We've been signing bilateral agreements with China and India for the past decade. without EU involvement. So I'm not buying that... https://www.gov.uk/government/news/...deals-agreed-during-prime-minister-modi-visit
Bloody Hell Theresa May just shut up Caroline Lucus and some Scottish MP in one kick fire response. Well done Theresa! Good start to your job. classic, she said to the Scottish MP if you don't want the jobs we will take them away. The Irish MP then said if Scotland doesn't want the jobs/subs Northern Ireland would have them. Followed by a close up on a quite bunch of SNP.
Oh my god give it a rest for ****'s sake! People like you are talking down the economy which will work like a self fulfilling prophecy. The money men are talking it down in order to profit from the down turn. All you're doing is helping them. Stop whining about the result and deal with it.
That's a good one - a Tory PM that doesn't want to see our assets sold off to foreigners. Hammond says this proves Britain is open for business. Well, if you can call a fire sale open for business.
No. I am entitled to keep pointing out the flaws in the Leave argument, none of which have been addressed.

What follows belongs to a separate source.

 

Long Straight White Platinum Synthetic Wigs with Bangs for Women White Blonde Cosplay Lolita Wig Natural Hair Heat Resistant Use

If you want a country where only your opinion can be voiced, then go find one.
Those are investment agreements not trade treaties. I don't want to get into one of these long circular arguments you specialise in Chaz, so I'll leave it there.

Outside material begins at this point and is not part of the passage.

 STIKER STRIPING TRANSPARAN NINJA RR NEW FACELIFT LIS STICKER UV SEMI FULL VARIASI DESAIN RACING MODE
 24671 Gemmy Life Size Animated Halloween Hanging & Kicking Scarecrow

Long specialised arguments? You mean facts? OK, I thought you were interested in those. Apparently not...
Not me. I accept Brexit will happen and I want it to be as good as it possibly can be. My views on ARM have nothing to do with Brexit. I would have said the same if the referendum result had been "Remain" or if we'd never had the referendum. A great UK tech company that currently controls its own destiny will have its bosses outside the UK from now on. I know what this could mean in the medium to longer term, based on my experience of other UK tech companies being bought by foreign competitors for their know-how. It's where I spent 35 years of my working life. Who were you listening to, Ellers, when you heard an expert say the complete opposite earlier today? I'm open to learning new things and changing my mind, you know. I repeat - this is not about Brexit, just about a foreign company buying ARM and what might happen next.
Well, so much for debate. So much for not getting personal, and so much for respecting other people's views. I guess that's not how you do stuff, Col.

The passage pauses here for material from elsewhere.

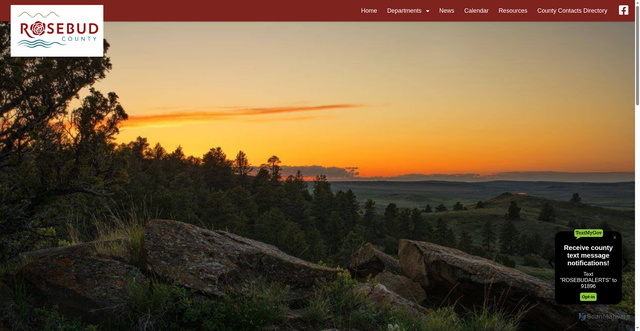 Security scan screenshot of https://rosebudcountymt.gov/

Hi Stroller. Surely a 'fire sale' in the context of the sale of a business refers to a situation in which the shareholders dispose of a distressed asset at less than its perceived market- or net asset value, generally because it has reached the point at which good money after bad is required to keep it spinning? As usual I don't know the facts, but the market generally sets the price. Presumably, ARM became attractive to the Japanese acquirer because the FX rate movement made it so. Maybe at the higher price it was deemed to costly. Lexical semantics perhaps, but this might well be an opportunistic acquisition, but not sure it was a fire sale.
Dunno. Businesses get bought and sold all the time. Them wot own the shares are free to sell them if the price offered is sufficiently attractive. Who's to say they weren't lining up a bid anyway, but the FX rate made it irresistible?